2. Предвосхищающая мысль (проект) держит в уме некое воображаемое качество; качество – или состояние? Качество кажется чем-то объективным, его предпочитает не только научная, но и дидактически-наставляющая риторика. Но влечет человека все же не качество, а состояние. Такая непроясненность (или подмена) мотива может стать корнем прельщения. Известен рассказ о том, как искушает человека возможность выхода за пределы. Мóлодец, персонаж «Повести о Горе-Злочастии» (XVII в), после первого своего падания – выхода за рамки наставлений благонравия – возвращается к добропорядочной повседневности; но в заслоне от запредельного оказывается изъян (следствие похвальбы Молодца на пиру). Персонаж поддается нашептываниям аллегорического советчика (Горя), пугающего изменчивостью домашне-семейных и деловых привязанностей. Куда надежнее, используя кабак как способ перехода, попасть туда, где легота и босота небывалые[22]. Легота – своего рода невесомость.

Проект – при всех различиях ступеней задуманного пути – имеет в виду не только отрезки пути, но и некие состояния. Духовное делание включает в себя практики очищения, созерцания, внимания, без чего невозможна жизнь в отнесенности к Смыслу. Чистота, пробужденность, внимательность – состояния сознания. «Легота» – отвлеченное существительное: дериват от прилагательного «легкий». Но отличить состояние от качества на уровне словообразования нельзя. Пустота, чистота, полнота могут мыслиться и как качества внешнего окружения[23]. Проект требуется осмыслить не только в плане онтологической драмы, но и в плане поэтики состояний.

3. Космическое сознание. Что оно такое? Сознание нельзя увидеть как нечто внешнее. Поэтому делание, имеющее направленность на объект или качество, не исчерпывает его. Предметом предвосхищения может выступать состояние. В невесомости возможность быть в любой точке этого (замкнутого) пространства мыслится не за счет поспешности. Невесомость (в фильме А. Тарковского) есть внешняя реальность, экспонирующая космическую сущность ментального пространства. К этому пространству неприложима интуиция механической скорости. Разве символический универсум уступает океану (Солярису) в своей подлинности? Пространством, являющим состояние / действо невесомости, оказывается библиотека.

Расскажу об одном ощущении, которое я испытал, когда смотрел документальный фильм из жизни кораллов – с многообразными и разнонаправленными движениями рыб, водорослей, чего-то такого в глубинах, в потоках жизни, организуемых коралловым рифом, с этими быстрыми искрениями и медлительными колыханиями, затаиваниями, пульсациями.
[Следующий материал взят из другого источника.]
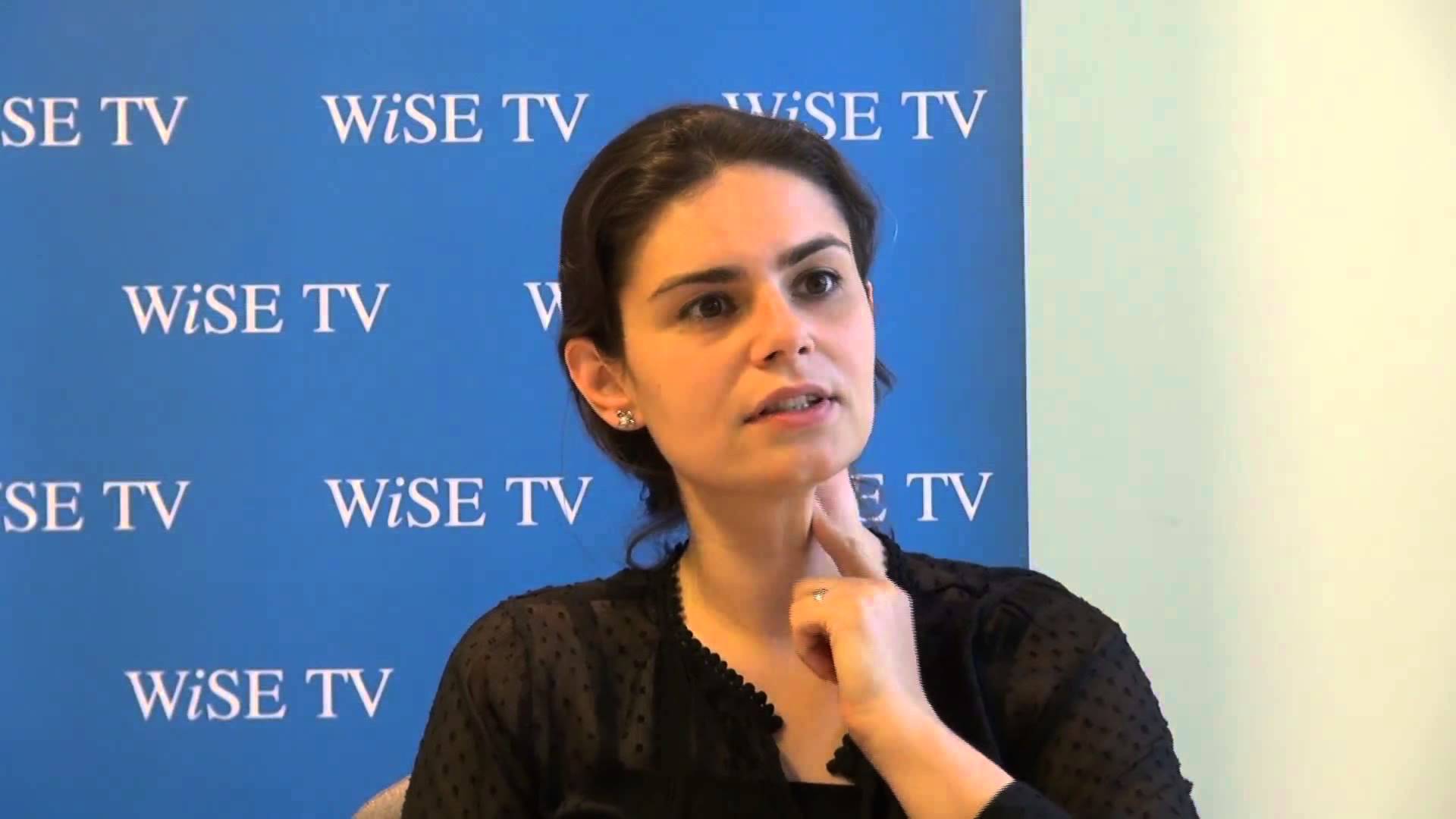 “Y kuşağı” yönetici olursa neler değişir?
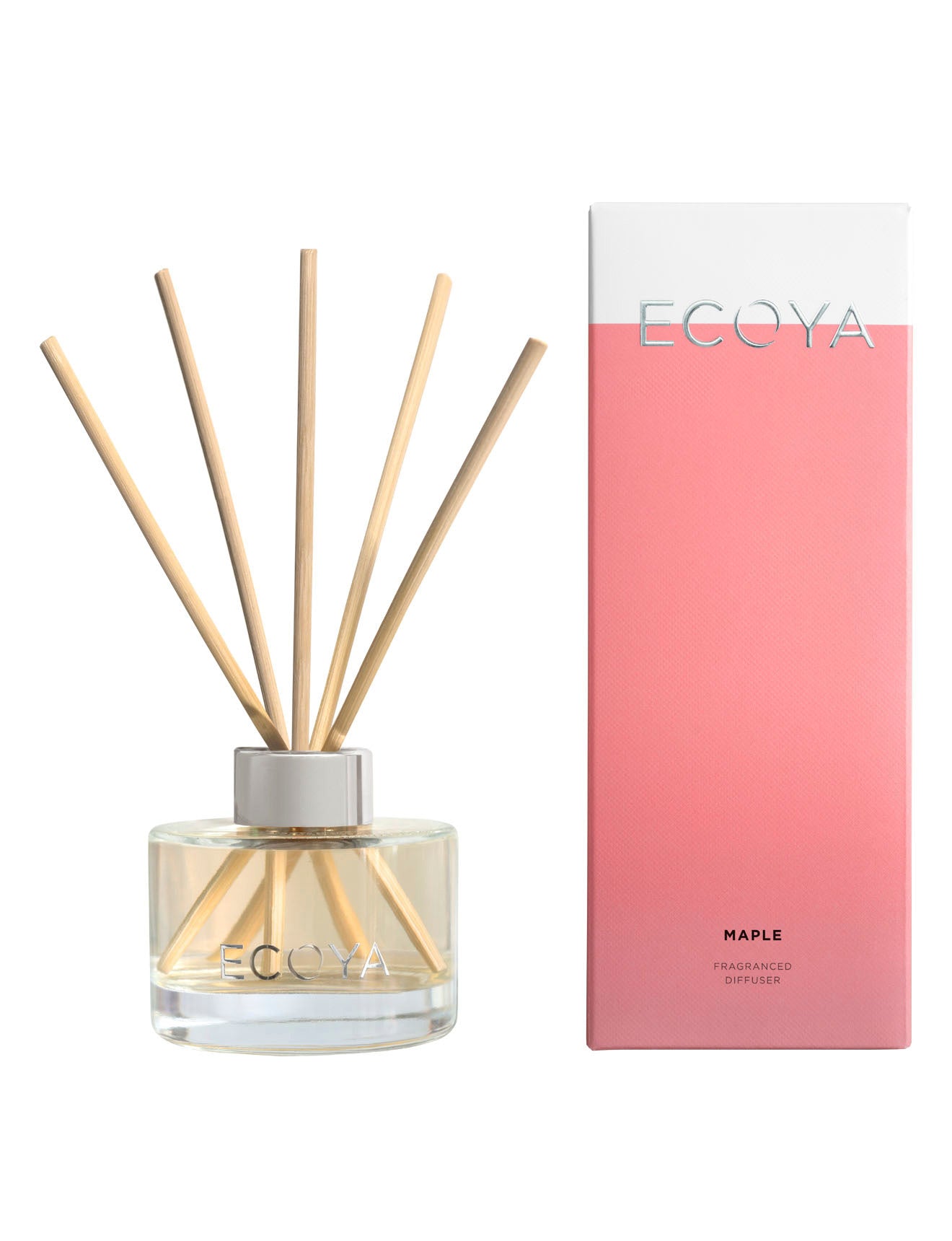 Maple Diffuser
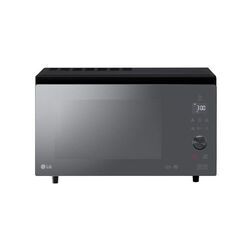 LG Micro-ondes multifonctions - MJ3965BCR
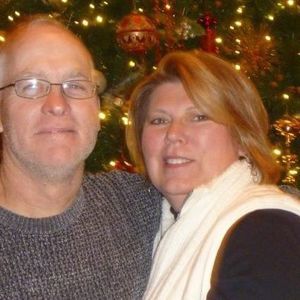 Meet your Posher, Sandy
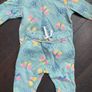 Large baby girl bundle 9-12 months Image 9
Пытаясь понять это действо как целое, приходишь к предположению, что ты находишься внутри некого исполняющегося мышления. Можно сравнить это с пребыванием внутри оркестра; но воспринимаешь уже не мизансцену – извне предстающую как звучание, – а жизнь «субстанции мышления», подобной мозгу. Самой же мысли при таком наблюдении изнутри уловить нельзя. Она при такой позиции восприятия существует не как мысль и не как переживание, а как жизнь. Такое (наблюдаемое изнутри его самого) надсубъектное сознание – в этом его явлении – трудно было бы обозначить предметно, назвать словом.

Состояние невесомости – это не та или иная проекция вовне, не итоговый тезис. Невесомость (по Тарковскому) – это возможность оказаться не на риторической площадке, не в общем месте (каким является научная станция), но попасть внутрь мыслящего объема, внутрь исполняющегося сознавания. Наше духовное окружение – среда, которая естественна, как воздух. Ее присутствие трудно сделать событием. Вопрос кинематографического волшебства: зритель должен испытать невесомость; как это сделать?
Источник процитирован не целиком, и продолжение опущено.